He thought he could hear the creaking of rigging as he followed Vick down the shadowy steps behind the courtroom. The sound he’d heard when he looked up at the billowing sails on the voyage to Styria. But there was no reason for that much wood and rope behind a courthouse.
‘Bloody hell,’ whispered Sarlby as they stepped out into the light.
Across the cobbled yard, between the broken windows to either side, the Burners had set up a dozen great beams, stolen from some half-built mill, maybe. From those beams, at neat intervals, bodies hung. Might’ve been a hundred. Might’ve been more. Swaying just a little with the breeze. There were men and women. There were young and old.
All equal now, all right.
‘Bloody hell,’ whispered Sarlby again.
None of the other Breakers said a word. Vick stood staring. Broad stood staring. High ideals, like the ones that’d led him to Styria. They surely can take you to some dark places.
‘There’s a few haven’t been tried yet, down in the cells.’ The warden sniffed and adjusted his dirty sock. ‘Guess you can have them, too.’
Young Men’s Folly
‘Prince Orso isn’t coming,’ said Leo, stomping up the crumbling stairway after his mother with the Dogman behind him. ‘We have to fight.’

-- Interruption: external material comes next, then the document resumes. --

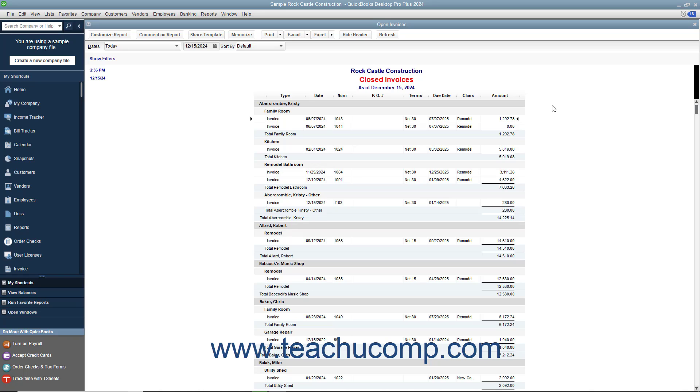To rearrange the order of columns from left to right within any transaction detail report in QuickBooks, display the transaction detail report whose columns you want to rearrange on screen.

Her only reply was a frustrated sigh as she stepped onto the moss-speckled roof of the tower. From the top there was a fine view of the valley below the ruined holdfast, the road threading along its bottom and the high fell on the far side, crowned by red bracken. Off to the west, the road met a fast-flowing stream and crossed it by an ancient-looking bridge. There must’ve been a village beyond, the houses out of sight but the smoke from their chimneys faintly smudging the sky.
Cries drifted over as the wind picked up. Thousands of men, hundreds of horses, dozens of wagons trickling down the road between the two hills and over the bridge in a glittering ribbon. The army of Angland pulling back steadily to the south and west. Just as it had been for weeks.

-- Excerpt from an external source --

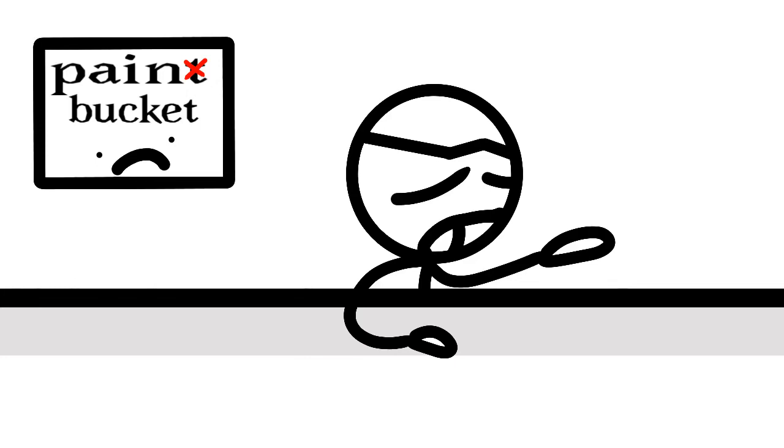Hi, welcome to Alan complains about stuff. Today we're complaining about paint buckets.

‘Mustred and Clensher brought two thousand men from Angland. We won’t get any more.’ Leo stepped up next to his mother, planting his fists on the crumbling parapet. ‘Hold off now … we’ll look like cowards.’
His mother gave a dry little laugh. ‘The one advantage of being a woman in command of an army is that you don’t have to worry about looking cowardly. Everyone expects it.’

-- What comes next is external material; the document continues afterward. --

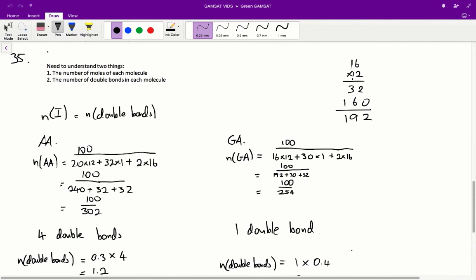Question 35: The iodine value is a measure of the number of double bonds in a fatty acid. One molecule of iodine reacts with one double bond. The iodine value is the mass in grams of iodine that reacts with 100 grams of the fatty acid. So the iodine values of capric, gaitic, and arachidonic acid are in the order? We know that one mole of iodine reacts with one mole of double bonds. We need to know two things: the number of moles of each fatty acid molecule, and the number of double bonds in each molecule.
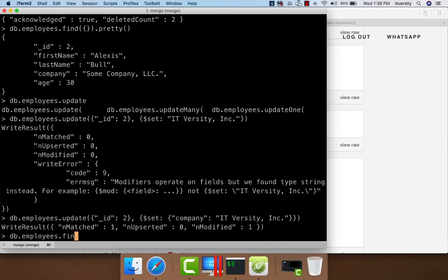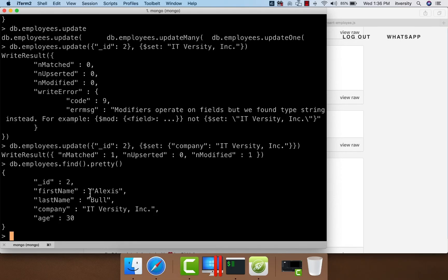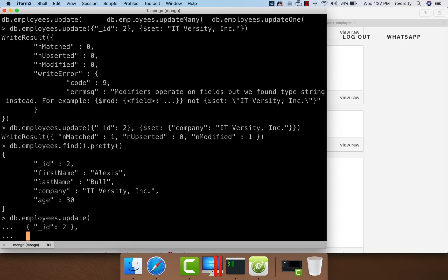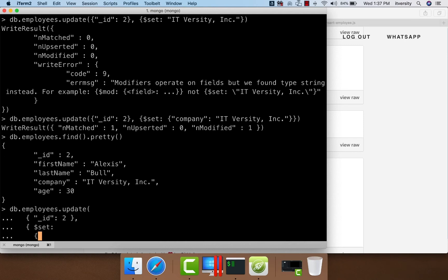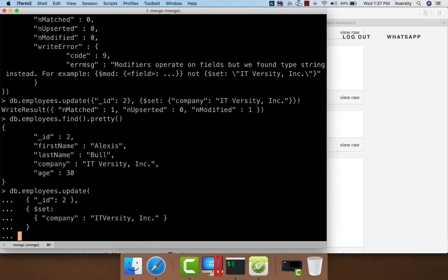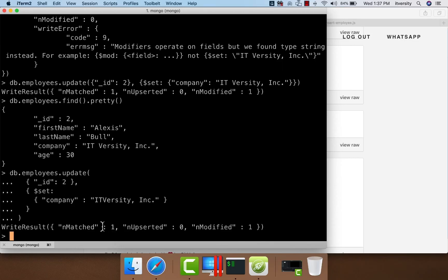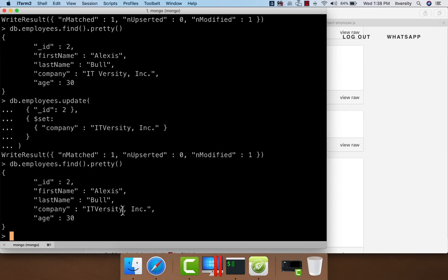You can say db.employees.find.pretty to see the updated data. The properly formatted command looks like: db.employees.update with query _id 2, then the $set operation specifying the company name. I changed the value slightly — removing the space between IT and Versity — just to validate the update is working. You can see one record matched and one is modified. We can validate with find — now it shows 'ITVersity INC'.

‘We’ll bloody be cowards!’
The Dogman snorted. ‘Your mother was a prisoner of Black Dow, and faced him down, and didn’t only talk her own way free but saved sixty men besides. I’ll hear her given no lessons in courage, boy. There’s a world o’ difference between being scared to fight and waiting till you can win.’
‘As long as you stop waiting!’ Leo waved off in a direction he hoped was south-west, past the bridge towards Angland. The direction the Union men were retreating. Always retreating. ‘We’re no more than eighty miles from the border, and if we’re pushed all the way to the Whiteflow we’ll never push back. The Protectorate will be finished.’
He might’ve hoped for some support from the Dogman. His bloody Protectorate, wasn’t it? And he’d stood beside the Bloody-Nine, the greatest champion the world ever saw, who won eleven duels and claimed the crown of the North in the Circle!
But the old Northman only frowned into the valley, and thoughtfully rubbed at his pointed jaw, and quietly said, ‘Well, you have to be realistic. Naught lasts for ever.’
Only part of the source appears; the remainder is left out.